The length of time that the IgM anti-HAV test remains positive varies 130. In 37 patients followed until the disappearance of antibody, the majority, 32 of 37 (86%), were IgM anti-HAV negative by 7 months after onset, defined as jaundice in all but two anicteric cases, for which the onset of symptoms was used. Twenty-six of 37 (70%) were negative for IgM anti-HAV by 4 months. All cases demonstrated a decrease in titer (positive test value closer to the negative cut-off) before becoming negative in the assay. In contrast, IgM anti-HAV positivity was prolonged beyond 7 months in five individuals whose last positive test was recorded between 9 and 12 months after onset. Eventually, they each had negative IgM anti-HAV test results. In most patients (47 of 50), the biochemical evidence of hepatitis had resolved either prior to or by the time of disappearance of IgM anti-HAV. Of the remaining three patients, two eventually normalized biochemical hepatitis and the third was lost to follow-up. In a second study, two of six patients were IgM anti-HAV positive (low titer) 30 to 32 months after the onset of hepatitis A 220. A diagnostic dilemma may arise if a patient has unrecognized chronic hepatitis before contracting HAV. The persistence of IgM anti-HAV positivity for more than 12 months together with an unrelated and unidentified cause of hepatitis could potentially lead to an incorrect diagnosis of chronic hepatitis A.
In vaccine trials, the detection of antibody often requires a more sensitive assay because vaccine-induced antibody titers are generally lower than those induced by natural infection. Noninvasive tests, i.e., not requiring blood samples, are also useful for screening large populations. The development of a highly sensitive assay that is specific for IgG anti-HAV and can measure antibody in saliva after vaccination is promising 182. The assay was validated using paired saliva samples from travelers undergoing vaccination.
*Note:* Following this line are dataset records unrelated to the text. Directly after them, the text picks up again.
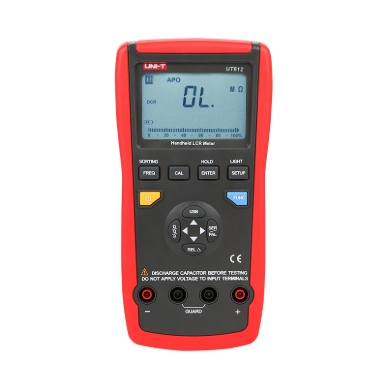 เครื่องมือวัดแอลซีอาร์มิเตอร์ รุ่น UT612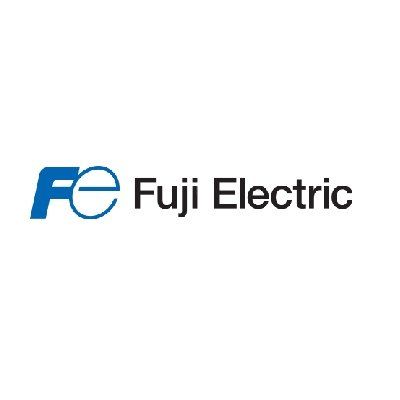 Logo - Fuji Electric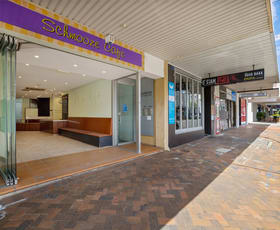 Shop & Retail commercial property leased at 138 Sailors Bay Road Northbridge NSW 2063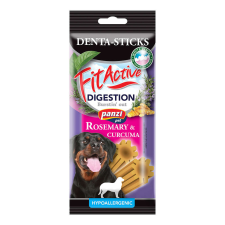 Fitacive funkcionális snack Diggestion - M 12 X 150g jutalomfalat kutyáknak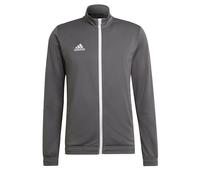 adidas Giacca da uomo Entrada 22 Track, Squadra Grigio Quattro, Medium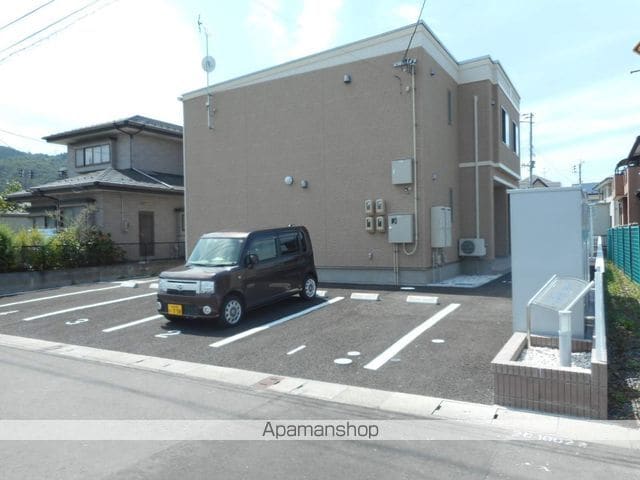ちゅらハイムの外観写真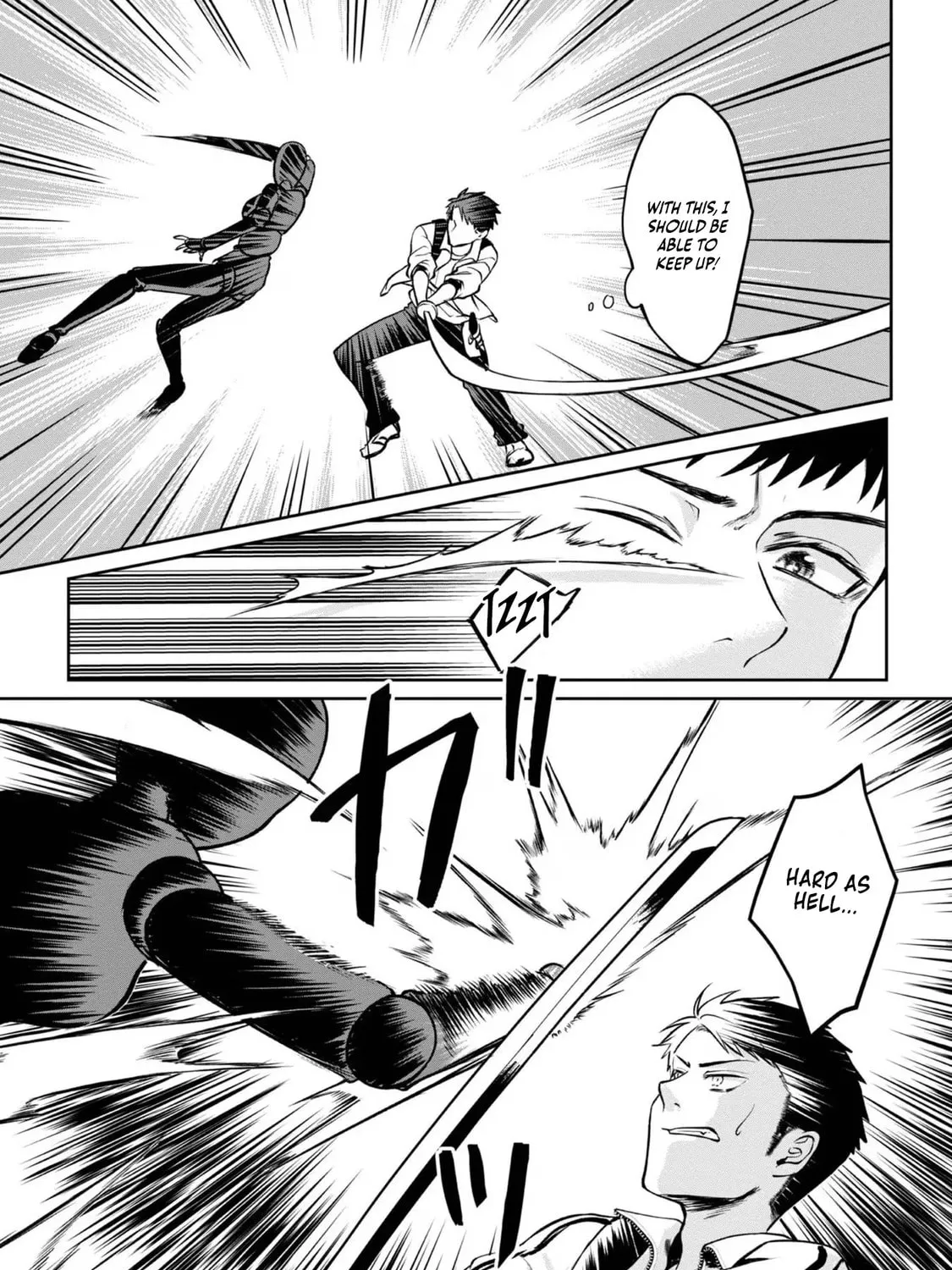 Chuunen Majutsushi no Yuuyuu Jiteki na Dungeon Kouryaku - Skill Orb o Tsukattara Saikyou Skill o Teniireta no de, Suki ni Ikiyou to Omoimasu~ Chapter 5 page 13 -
In practice, antibody titers are not measured routinely after vaccination since the response rate to the vaccine and its effectiveness are so high (see below), and a highly sensitive assay therefore has little utility. In contrast, a cheap and robust assay for screening prior to vaccination would be extremely useful in many clinical scenarios (see below). Most assays have used HAV produced in tissue culture as a source of antigen. In the future, recombinant HAV antigen may provide a less costly alternative 143.